> [Problem to solve]: Your reply should restate the lines from the top of the entries through the line containing "For more iBook" word for word, with no pictures.

> [Data section]:
--*--

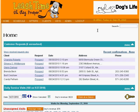Often it is necessary to make changes to individual visits in LeashTime. Maybe the client would like his dog walked at a different time one day, or perhaps the assigned sitter calls in sick. LeashTime offers several tools for changing single visits or groups of visits quickly and easily.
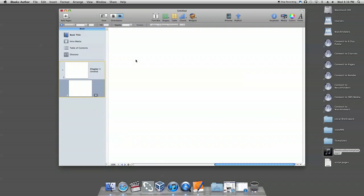For more iBook Author tutorials, visit ecjourno.com slash DIYGiorno.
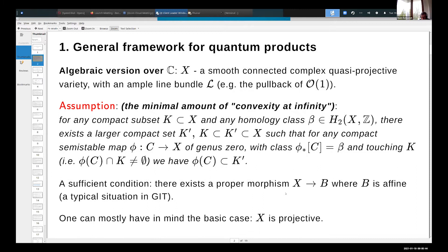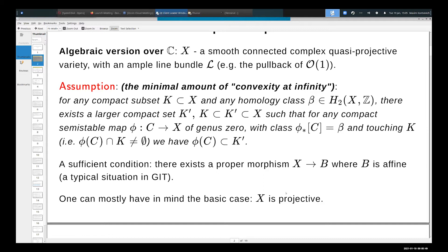A sufficient condition is that there exists a proper morphism from your variety to an affine scheme — not necessarily smooth. This is a typical situation in GIT theory: if you consider representations of a quiver with a stability structure and the quiver has loops, and consider semi-stable poly-stable objects, then if you are lucky and things are smooth, you get such varieties.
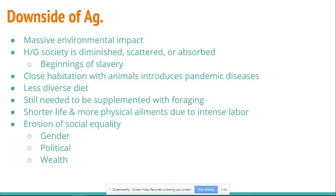Not everything about agriculture is all cupcakes and sunshine. There are definitely some downsides to agriculture. The first, most obvious, and most important is the crushing environmental impact of farming and domestication.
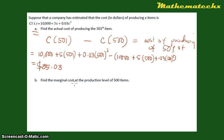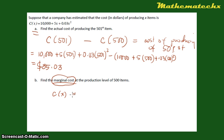Now, for part B, if we want to find the marginal cost at the production level of 500 items — when we speak of marginal cost, this is basically the derivative of the cost function. Marginal cost is the rate of change of the cost. Whenever we speak of the rate of change, we get the derivative of a function. So we have to get the derivative of the cost function.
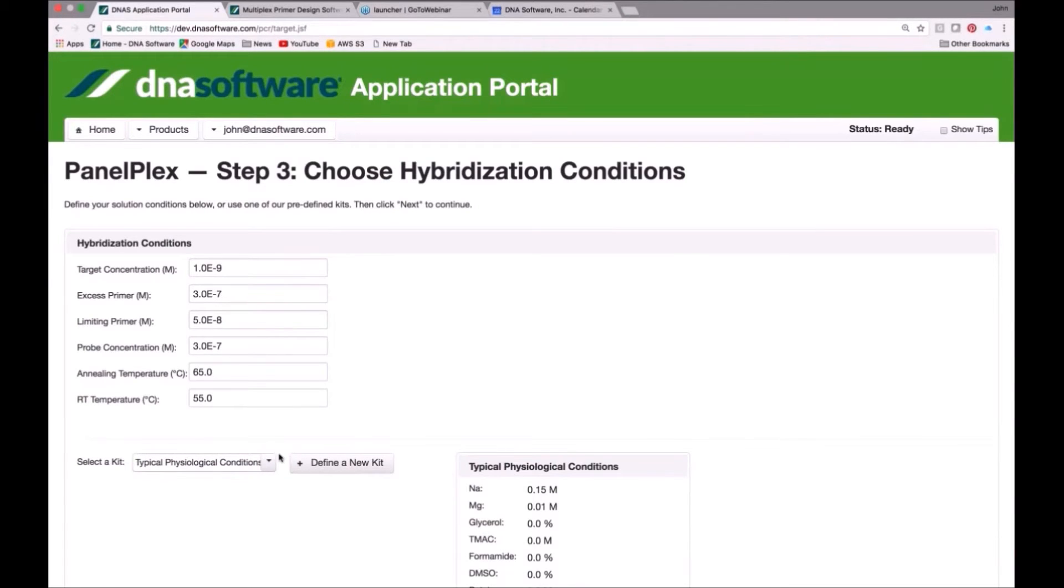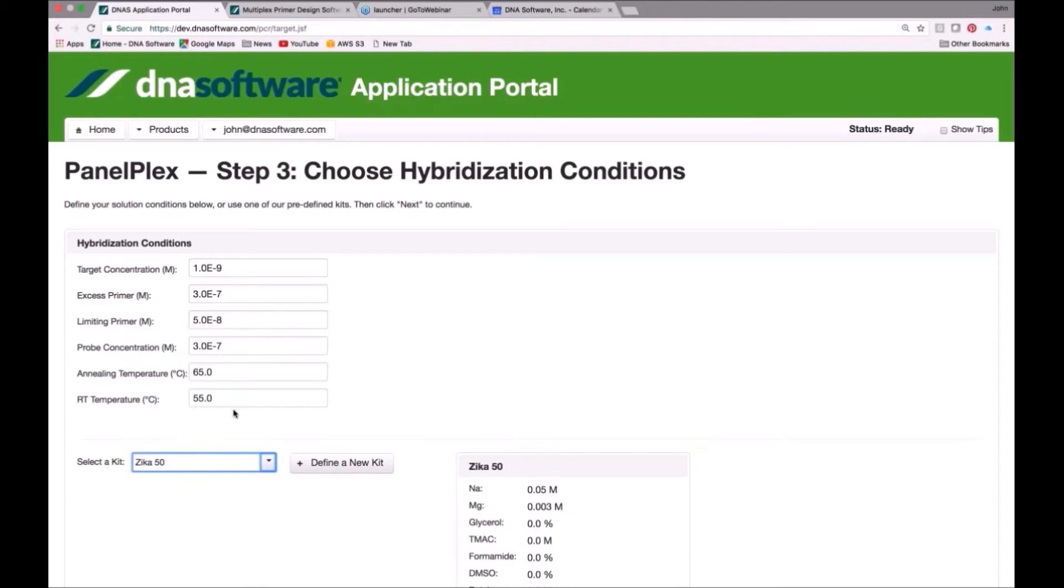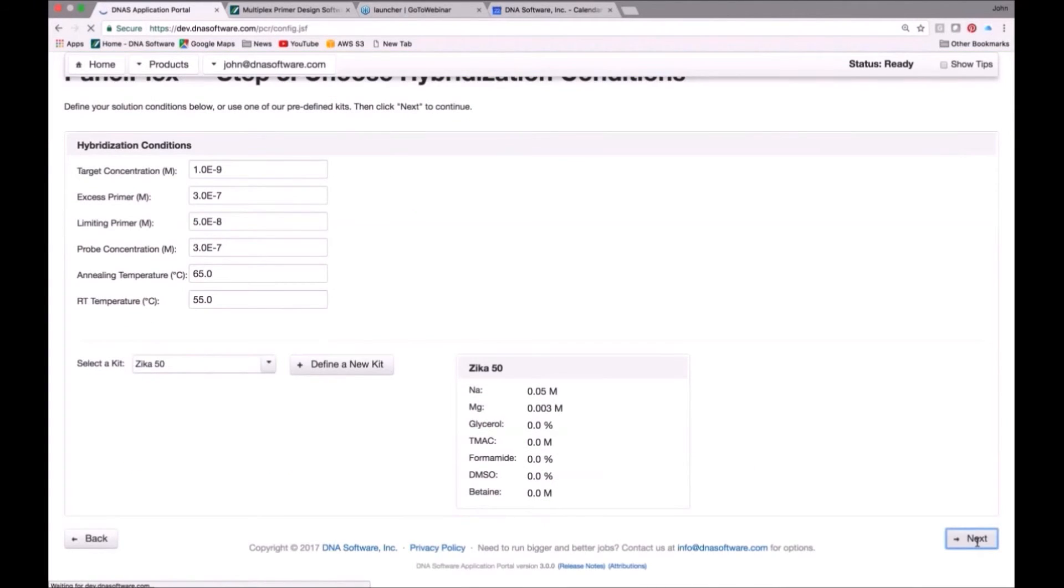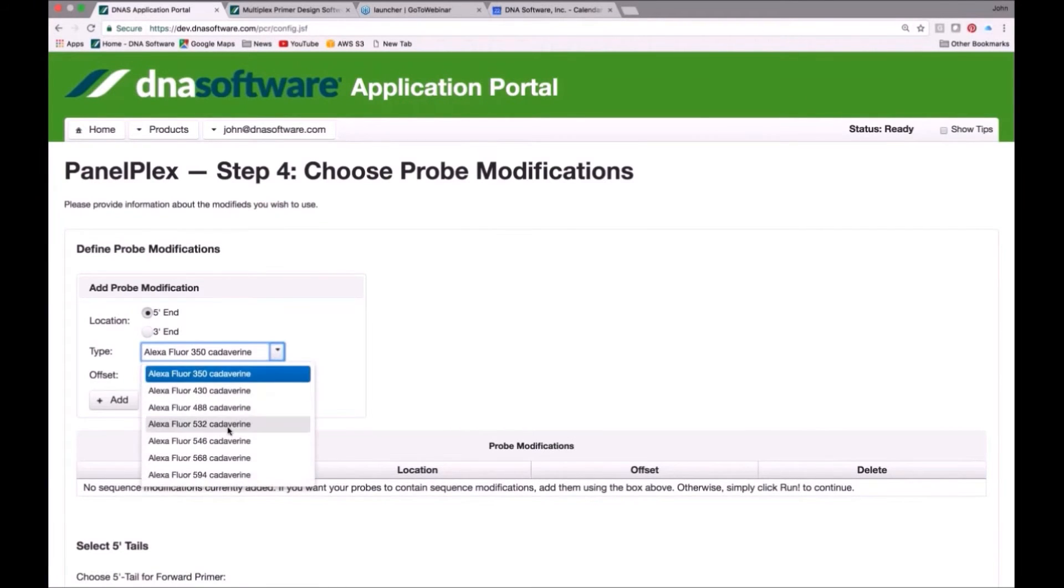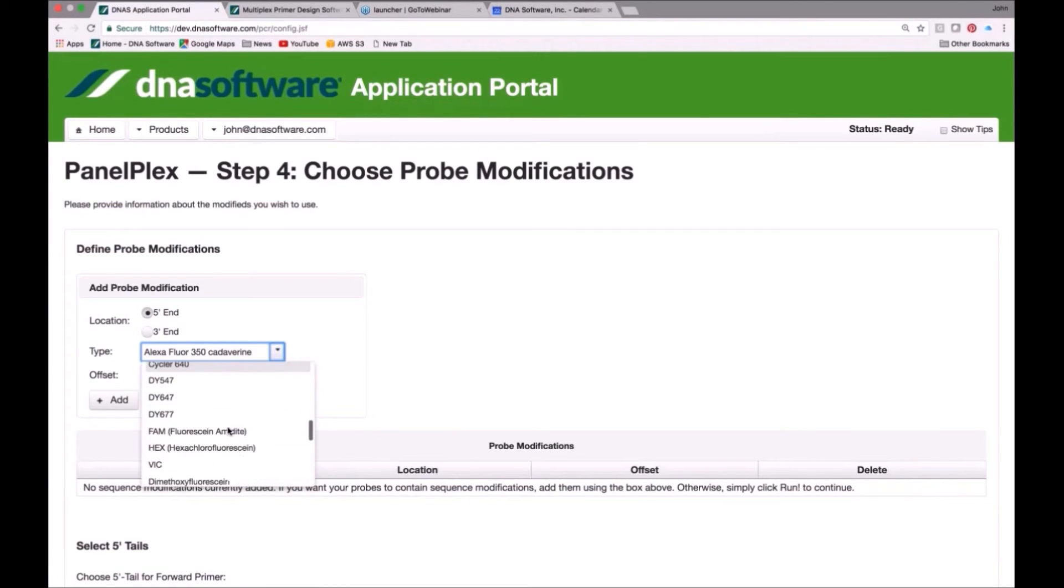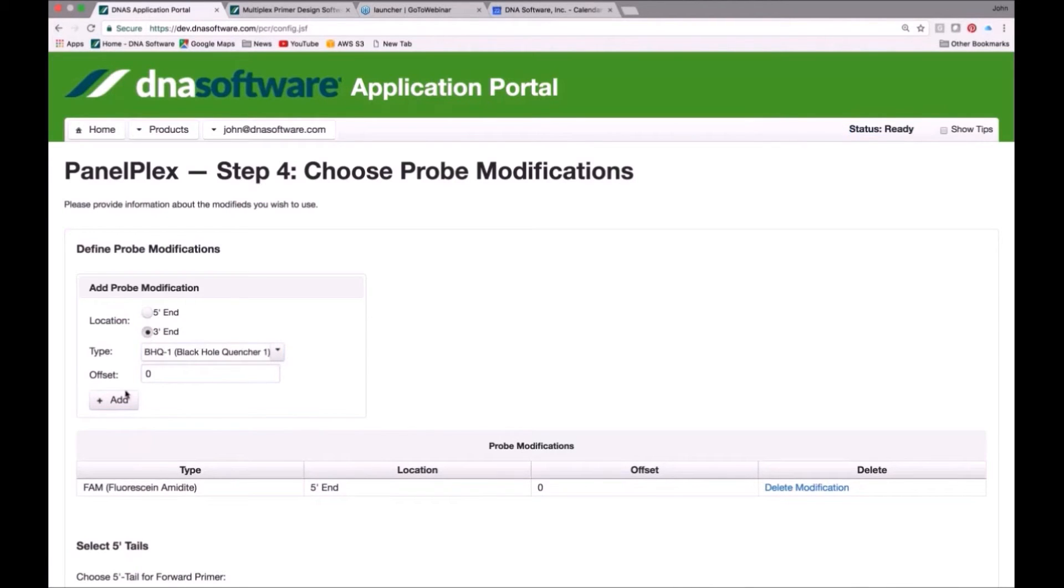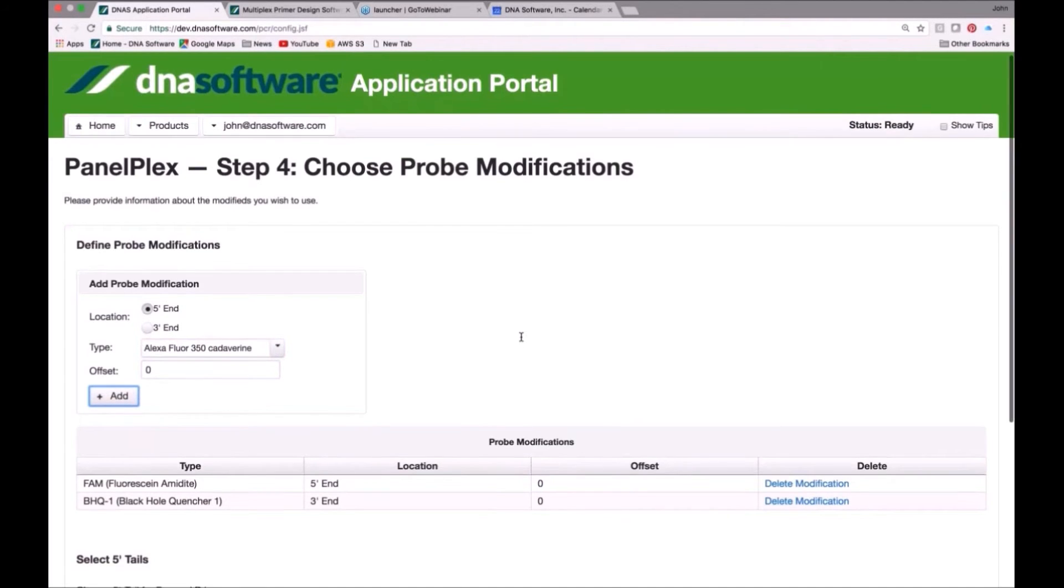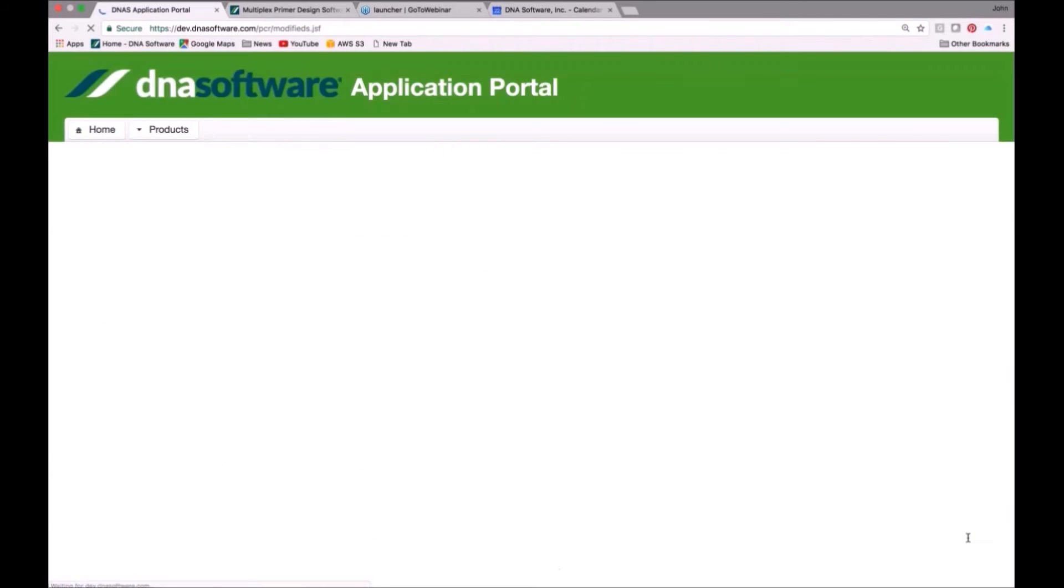Lastly, we have to choose our hybridization conditions, and I have one that I made up here for Zika. This is just a standard PCR condition in terms of the sodium and magnesium that are present in the solution. Lastly, you can assign modifications to your probe, which in this case, TaqMan probe. I could choose fluorescein as the 5' end fluorophore and BHQ quencher as the 3' end quencher. And that's it. You hit Run, and the job is submitted.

--*--

> [Written solution]:
Often it is necessary to make changes to individual visits in LeashTime. Maybe the client would like his dog walked at a different time one day, or perhaps the assigned sitter calls in sick. LeashTime offers several tools for changing single visits or groups of visits quickly and easily.
For more iBook Author tutorials, visit ecjourno.com slash DIYGiorno.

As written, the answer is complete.